La procédure de concours d'architecture peut conduire les élus soucieux de produire vite à préférer une maîtrise d'ouvrage soumise à moins de contraintes, c'est-à-dire la maîtrise d'ouvrage des promoteurs privés, ce qui in fine conduit à sortir du cadre de la commande publique, synonyme de transparence et d'égalité de traitement, la production des logements sociaux. Par ailleurs, cette procédure est un frein pour accéder au foncier. En effet, organiser un concours pour candidater avec un maître d'œuvre sur un foncier lorsque les organismes Hlm sont mis en compétition avec des acteurs qui ont toute liberté de missionner qui ils veulent, sans contraintes ni délais, les disqualifie. Il en est de même pour les mises en concurrence dans le cadre des appels à projets lancés par les collectivités (Réinventer Paris, Réinventer la Seine...) ou pour les projets de co-construction dans le cadre de projets urbains, car la rigidité de la procédure ne correspond plus aux attentes des acteurs qui imaginent et construisent les villes. La qualité d'une architecture ne dépend pas du choix de la procédure, mais d'une volonté, d'une capacité d'ingénierie à passer une commande architecturale. De nombreux exemples d'opérations réalisées par les organismes Hlm en dehors de la procédure de concours en témoignent."

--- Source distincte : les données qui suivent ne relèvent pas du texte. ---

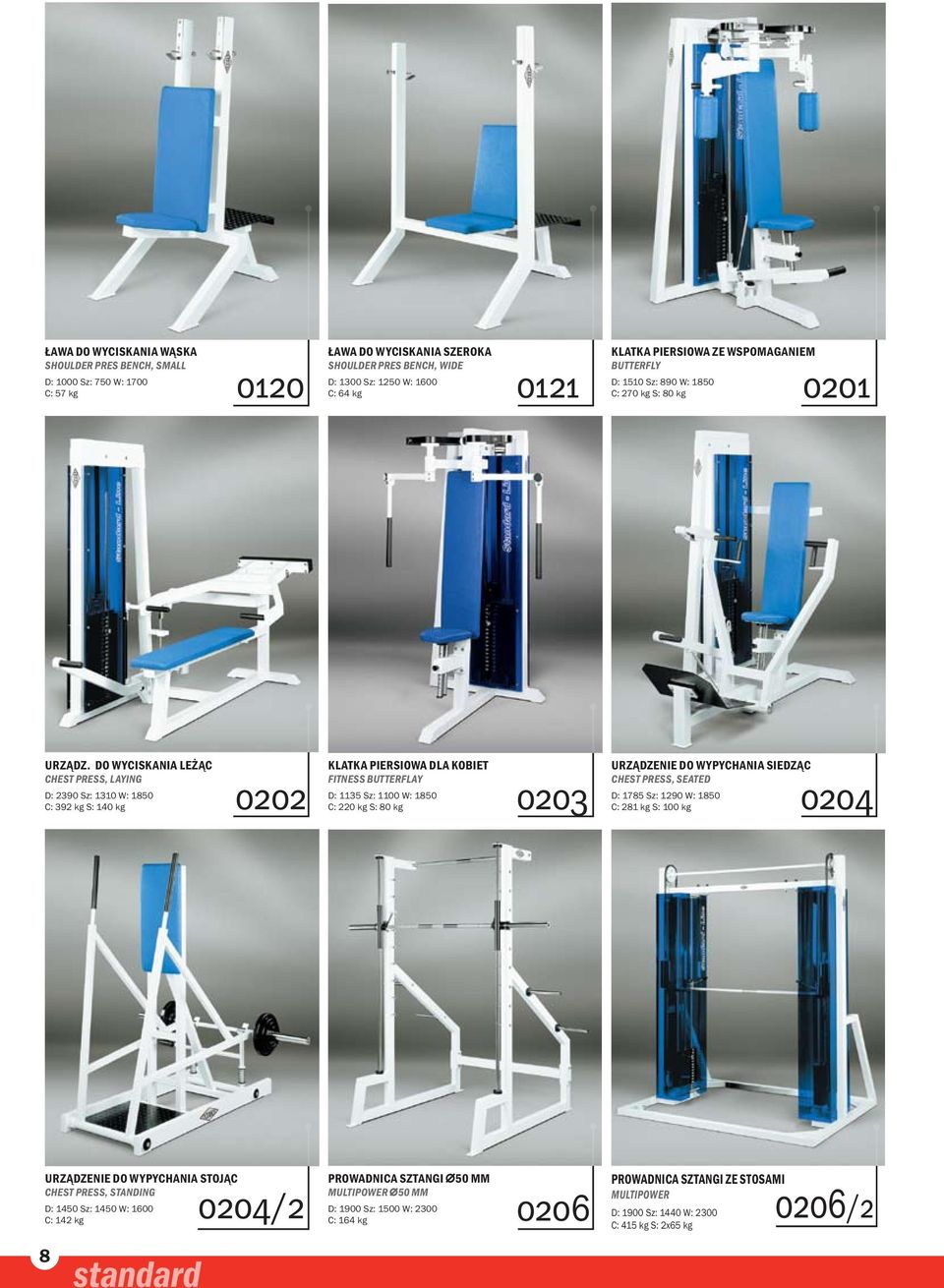 do wyciskania leżąc CHEST PRESS, LAYING D: 2390 Sz: 1310 W: 1850 C: 392 kg S: 140 kg 0202 Klatka piersiowa dla kobiet FITNESS BUTTERFLAY D: 1135 Sz: 1100 W: 1850 C: 220 kg S: 80 kg 0203 UrządzENIE do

L'argumentaire de l'USH en faveur des contrats de conception-réalisation

"Avec la conception-réalisation ouverte sans condition jusqu'au 31 décembre 2013 par la loi du 25 mars 2009, et prolongée jusqu'au 31 décembre 2018 par la loi du 1er juillet 2013, les organismes Hlm disposent aujourd'hui d'un mode d'action qui contribue significativement à la production neuve et aux opérations de rénovation énergétique.
Ce mode de production, représente aujourd'hui, pour de nombreux organismes Hlm, entre 15% et 25% de leur production. La conception-réalisation est un mode d'exercice à part entière de la maîtrise d'ouvrage directe Hlm. Les retours d'expériences montrent que la conception-réalisation s'avère positive en matière de coûts de construction (de l'ordre de 5% à 8%), celui-ci étant fixé dès le choix du projet, et de réduction des délais (de 6 à 12 mois) du fait d'une consultation unique et d'un temps d'étude de projet fusionné avec les actes administratifs. Elle contribue en outre à l'émergence de la maquette numérique dans la conception et construction des bâtiments, du fait du travail collaboratif inhérent, puis dans la gestion patrimoniale, permettant ainsi d'optimiser la maintenance et l'entretien des bâtiments. Elle participe également au développement des innovations au service de performances énergétiques et environnementales élevées. Ces éléments ont été confirmés en 2013 par le Conseil général de l'environnement et du développement durable, qui, a conclu que le marché de conception-réalisation représente une condition nécessaire au développement de nouveaux procédés constructifs, favorise la diversité des matériaux utilisés et contribue à l'amélioration des techniques de la construction, notamment dans le domaine thermique. Il a également souligné que cette procédure ne nuit ni à la qualité architecturale, ni à la durabilité des ouvrages et contribue à mieux maîtriser les délais et les coûts. Il indique également que la candidature des groupements d'entreprises doit être encouragée."